» WHAT IS EXPECTED:
Consider the listing below. Extract exactly the lines from the line containing "25 Craig Cir., Asheville, NC 28805" to the line containing "2806 Hunt Club Ln — Photo 18", both included.

» RECORDS FOR PROCESSING:

**********

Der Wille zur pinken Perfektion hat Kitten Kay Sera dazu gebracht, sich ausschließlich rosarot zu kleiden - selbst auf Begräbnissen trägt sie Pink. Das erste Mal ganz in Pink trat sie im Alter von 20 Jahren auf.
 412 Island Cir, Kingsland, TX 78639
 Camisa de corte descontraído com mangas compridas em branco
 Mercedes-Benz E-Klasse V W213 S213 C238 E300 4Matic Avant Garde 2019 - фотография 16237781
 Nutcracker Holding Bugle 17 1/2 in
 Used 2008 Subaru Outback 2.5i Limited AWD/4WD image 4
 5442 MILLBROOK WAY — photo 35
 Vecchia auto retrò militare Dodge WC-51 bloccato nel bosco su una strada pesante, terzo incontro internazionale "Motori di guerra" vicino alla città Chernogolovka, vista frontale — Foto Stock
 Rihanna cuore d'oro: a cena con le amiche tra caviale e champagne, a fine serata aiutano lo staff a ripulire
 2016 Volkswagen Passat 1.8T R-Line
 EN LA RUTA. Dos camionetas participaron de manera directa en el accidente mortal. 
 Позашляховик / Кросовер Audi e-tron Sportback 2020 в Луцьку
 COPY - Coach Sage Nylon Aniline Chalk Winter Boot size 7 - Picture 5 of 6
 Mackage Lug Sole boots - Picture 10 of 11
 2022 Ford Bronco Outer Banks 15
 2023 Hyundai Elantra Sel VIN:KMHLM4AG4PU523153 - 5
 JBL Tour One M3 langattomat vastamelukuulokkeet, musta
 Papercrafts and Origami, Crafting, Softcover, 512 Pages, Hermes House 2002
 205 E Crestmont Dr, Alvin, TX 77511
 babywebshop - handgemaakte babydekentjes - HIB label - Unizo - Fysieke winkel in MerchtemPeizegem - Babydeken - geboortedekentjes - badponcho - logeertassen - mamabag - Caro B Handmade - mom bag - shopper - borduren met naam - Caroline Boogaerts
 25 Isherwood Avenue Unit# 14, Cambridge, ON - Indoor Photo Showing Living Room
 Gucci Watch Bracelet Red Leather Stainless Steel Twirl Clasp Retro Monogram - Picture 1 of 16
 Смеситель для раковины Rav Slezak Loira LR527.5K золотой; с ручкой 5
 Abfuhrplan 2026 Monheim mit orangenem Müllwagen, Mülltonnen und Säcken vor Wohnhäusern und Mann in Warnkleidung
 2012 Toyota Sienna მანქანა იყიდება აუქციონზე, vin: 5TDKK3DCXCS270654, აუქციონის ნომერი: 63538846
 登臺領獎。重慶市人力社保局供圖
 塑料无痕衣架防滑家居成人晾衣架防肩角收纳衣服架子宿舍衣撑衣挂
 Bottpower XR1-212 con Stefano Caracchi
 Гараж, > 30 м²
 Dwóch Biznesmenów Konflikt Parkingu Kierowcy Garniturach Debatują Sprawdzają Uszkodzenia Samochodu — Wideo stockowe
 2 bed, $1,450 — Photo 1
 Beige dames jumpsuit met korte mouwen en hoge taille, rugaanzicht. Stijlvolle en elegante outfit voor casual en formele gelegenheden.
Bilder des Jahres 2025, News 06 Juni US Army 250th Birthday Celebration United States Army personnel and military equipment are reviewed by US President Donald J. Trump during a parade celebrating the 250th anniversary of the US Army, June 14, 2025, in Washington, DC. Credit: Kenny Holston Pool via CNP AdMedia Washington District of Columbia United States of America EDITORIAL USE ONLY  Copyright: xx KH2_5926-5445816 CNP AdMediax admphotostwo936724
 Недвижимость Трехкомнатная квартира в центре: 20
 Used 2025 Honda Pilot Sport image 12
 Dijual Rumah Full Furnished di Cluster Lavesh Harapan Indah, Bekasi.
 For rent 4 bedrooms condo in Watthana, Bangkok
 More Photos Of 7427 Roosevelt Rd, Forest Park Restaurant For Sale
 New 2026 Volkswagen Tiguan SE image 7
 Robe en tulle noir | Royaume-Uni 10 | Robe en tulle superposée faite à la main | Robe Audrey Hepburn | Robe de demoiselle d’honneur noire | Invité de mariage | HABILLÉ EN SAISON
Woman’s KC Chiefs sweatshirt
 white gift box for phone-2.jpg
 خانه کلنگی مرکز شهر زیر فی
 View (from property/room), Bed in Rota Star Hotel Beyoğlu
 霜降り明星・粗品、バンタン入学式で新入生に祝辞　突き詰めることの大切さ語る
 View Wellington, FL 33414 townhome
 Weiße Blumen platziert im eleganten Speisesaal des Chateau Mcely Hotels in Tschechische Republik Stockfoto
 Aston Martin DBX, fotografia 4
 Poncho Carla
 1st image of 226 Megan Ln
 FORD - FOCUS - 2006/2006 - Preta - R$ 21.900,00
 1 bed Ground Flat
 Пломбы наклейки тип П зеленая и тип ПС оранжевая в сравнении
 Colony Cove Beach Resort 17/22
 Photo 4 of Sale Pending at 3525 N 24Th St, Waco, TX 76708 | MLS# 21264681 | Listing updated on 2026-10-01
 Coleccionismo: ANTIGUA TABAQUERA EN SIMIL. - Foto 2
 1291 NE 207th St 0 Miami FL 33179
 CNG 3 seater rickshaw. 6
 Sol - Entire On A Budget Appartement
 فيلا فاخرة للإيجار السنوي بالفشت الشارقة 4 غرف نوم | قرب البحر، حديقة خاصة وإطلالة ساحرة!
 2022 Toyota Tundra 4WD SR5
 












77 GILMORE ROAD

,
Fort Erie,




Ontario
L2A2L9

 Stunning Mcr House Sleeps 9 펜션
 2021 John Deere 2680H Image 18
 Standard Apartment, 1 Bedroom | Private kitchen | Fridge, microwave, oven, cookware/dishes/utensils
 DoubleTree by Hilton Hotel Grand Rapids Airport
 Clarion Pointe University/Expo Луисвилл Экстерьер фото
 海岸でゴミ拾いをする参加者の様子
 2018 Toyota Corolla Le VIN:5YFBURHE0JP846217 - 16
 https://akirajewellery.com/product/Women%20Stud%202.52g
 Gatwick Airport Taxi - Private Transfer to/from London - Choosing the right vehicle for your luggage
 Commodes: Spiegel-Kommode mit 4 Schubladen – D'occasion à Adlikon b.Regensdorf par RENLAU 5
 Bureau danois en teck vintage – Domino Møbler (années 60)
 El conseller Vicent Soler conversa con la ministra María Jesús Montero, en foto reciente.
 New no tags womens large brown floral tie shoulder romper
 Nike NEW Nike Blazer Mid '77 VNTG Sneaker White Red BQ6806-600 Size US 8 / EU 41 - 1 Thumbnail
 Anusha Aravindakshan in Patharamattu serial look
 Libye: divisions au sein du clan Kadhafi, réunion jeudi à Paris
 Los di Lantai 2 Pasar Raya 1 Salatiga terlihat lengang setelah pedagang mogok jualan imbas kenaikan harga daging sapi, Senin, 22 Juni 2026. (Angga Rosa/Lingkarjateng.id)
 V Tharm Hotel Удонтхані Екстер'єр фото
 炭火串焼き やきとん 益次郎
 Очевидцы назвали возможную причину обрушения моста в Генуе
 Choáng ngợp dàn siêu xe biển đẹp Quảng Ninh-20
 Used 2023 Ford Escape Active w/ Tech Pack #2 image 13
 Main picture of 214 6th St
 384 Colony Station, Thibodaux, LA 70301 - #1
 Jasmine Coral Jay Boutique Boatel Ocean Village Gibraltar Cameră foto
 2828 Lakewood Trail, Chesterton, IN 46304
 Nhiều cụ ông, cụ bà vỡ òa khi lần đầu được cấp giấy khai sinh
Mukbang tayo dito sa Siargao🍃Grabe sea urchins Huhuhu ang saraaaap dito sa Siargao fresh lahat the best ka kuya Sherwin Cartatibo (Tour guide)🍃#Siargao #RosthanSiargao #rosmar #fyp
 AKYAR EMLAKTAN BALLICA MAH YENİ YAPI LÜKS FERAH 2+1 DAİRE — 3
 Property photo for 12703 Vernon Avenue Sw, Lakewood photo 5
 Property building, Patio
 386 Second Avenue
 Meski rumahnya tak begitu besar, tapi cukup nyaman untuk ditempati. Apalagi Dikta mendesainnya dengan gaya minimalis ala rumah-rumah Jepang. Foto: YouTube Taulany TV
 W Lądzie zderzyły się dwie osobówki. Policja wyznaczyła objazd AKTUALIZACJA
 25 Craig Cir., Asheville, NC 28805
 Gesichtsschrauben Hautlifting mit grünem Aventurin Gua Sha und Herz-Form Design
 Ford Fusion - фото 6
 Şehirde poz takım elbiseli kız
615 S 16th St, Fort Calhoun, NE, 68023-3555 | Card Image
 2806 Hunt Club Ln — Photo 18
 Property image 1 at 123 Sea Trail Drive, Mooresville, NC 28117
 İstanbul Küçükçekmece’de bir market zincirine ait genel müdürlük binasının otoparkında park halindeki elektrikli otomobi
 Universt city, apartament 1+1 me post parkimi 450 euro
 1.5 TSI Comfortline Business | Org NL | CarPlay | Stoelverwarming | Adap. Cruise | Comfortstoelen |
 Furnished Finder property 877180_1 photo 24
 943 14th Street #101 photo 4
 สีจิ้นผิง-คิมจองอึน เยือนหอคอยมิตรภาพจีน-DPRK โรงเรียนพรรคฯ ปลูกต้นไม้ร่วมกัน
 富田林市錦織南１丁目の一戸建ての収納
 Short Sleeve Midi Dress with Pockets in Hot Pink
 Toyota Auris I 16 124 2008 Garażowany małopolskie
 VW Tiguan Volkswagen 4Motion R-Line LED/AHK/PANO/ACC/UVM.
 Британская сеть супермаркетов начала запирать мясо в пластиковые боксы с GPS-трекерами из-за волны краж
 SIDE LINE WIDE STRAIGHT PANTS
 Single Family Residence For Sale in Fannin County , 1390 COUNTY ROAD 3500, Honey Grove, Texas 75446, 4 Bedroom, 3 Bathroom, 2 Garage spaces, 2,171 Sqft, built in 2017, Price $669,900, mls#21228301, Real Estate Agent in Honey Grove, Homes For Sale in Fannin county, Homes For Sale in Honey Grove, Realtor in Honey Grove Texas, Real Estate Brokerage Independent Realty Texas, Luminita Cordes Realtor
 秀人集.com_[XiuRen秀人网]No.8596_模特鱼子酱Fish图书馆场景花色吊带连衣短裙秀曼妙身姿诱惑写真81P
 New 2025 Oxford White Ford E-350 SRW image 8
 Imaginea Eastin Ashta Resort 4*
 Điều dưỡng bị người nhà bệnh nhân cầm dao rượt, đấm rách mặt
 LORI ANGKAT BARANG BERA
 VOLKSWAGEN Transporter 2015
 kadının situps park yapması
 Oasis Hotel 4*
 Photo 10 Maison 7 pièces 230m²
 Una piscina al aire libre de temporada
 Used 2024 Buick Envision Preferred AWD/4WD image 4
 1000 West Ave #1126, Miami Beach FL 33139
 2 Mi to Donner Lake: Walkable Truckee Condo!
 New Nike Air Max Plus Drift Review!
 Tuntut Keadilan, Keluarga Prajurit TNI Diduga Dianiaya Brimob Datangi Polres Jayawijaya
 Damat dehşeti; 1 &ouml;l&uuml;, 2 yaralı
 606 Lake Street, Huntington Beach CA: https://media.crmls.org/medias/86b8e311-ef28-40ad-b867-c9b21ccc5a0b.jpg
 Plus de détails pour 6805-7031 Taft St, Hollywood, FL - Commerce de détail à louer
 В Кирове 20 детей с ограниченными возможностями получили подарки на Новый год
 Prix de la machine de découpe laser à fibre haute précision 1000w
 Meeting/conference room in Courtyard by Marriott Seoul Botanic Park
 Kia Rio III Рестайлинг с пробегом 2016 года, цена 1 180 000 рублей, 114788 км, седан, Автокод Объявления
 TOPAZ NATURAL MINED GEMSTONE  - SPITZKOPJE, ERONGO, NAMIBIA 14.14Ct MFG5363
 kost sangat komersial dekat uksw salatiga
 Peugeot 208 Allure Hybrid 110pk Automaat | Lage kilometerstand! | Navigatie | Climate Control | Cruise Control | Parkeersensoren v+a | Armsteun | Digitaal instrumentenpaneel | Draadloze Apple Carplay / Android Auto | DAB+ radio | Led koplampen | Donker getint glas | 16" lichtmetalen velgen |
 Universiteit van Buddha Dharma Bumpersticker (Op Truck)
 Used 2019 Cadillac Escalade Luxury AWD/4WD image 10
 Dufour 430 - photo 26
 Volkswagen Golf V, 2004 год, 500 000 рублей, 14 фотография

**********

» EXERCISE ANSWER:
 25 Craig Cir., Asheville, NC 28805
 Gesichtsschrauben Hautlifting mit grünem Aventurin Gua Sha und Herz-Form Design
 Ford Fusion - фото 6
 Şehirde poz takım elbiseli kız
615 S 16th St, Fort Calhoun, NE, 68023-3555 | Card Image
 2806 Hunt Club Ln — Photo 18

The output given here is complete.